DATA SEGMENT →
Start of Block
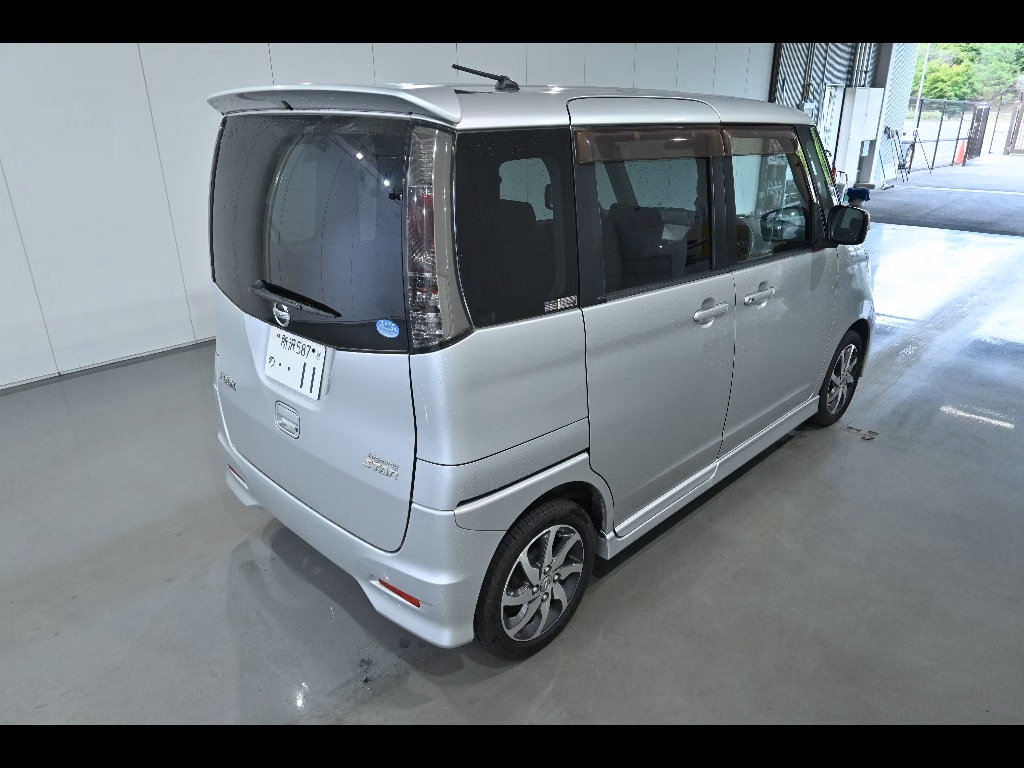 NISSAN ROOX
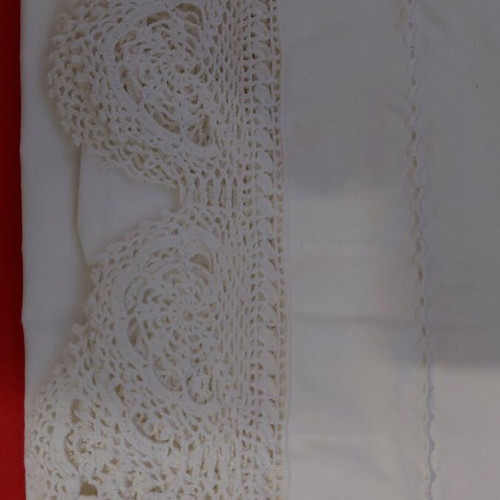 White pillowcases new, pack of 2, cotton with crochet lace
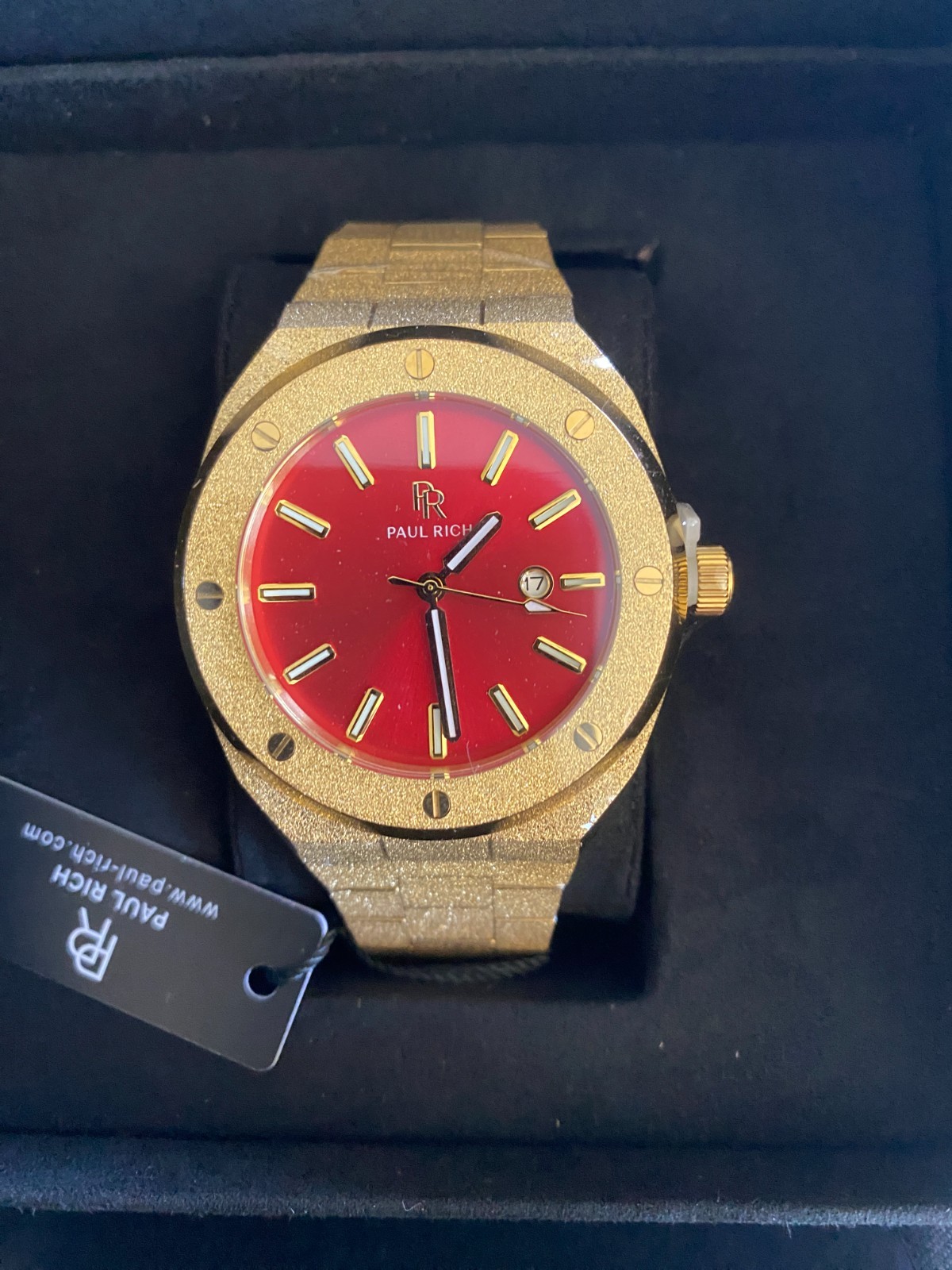Gold Frosted Sultan Ruby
End of Block
YOUR TASK → Down to the last line, print the material exactly, but not its pictures.

ANSWER SPACE →
 NISSAN ROOX
 White pillowcases new, pack of 2, cotton with crochet lace
Gold Frosted Sultan Ruby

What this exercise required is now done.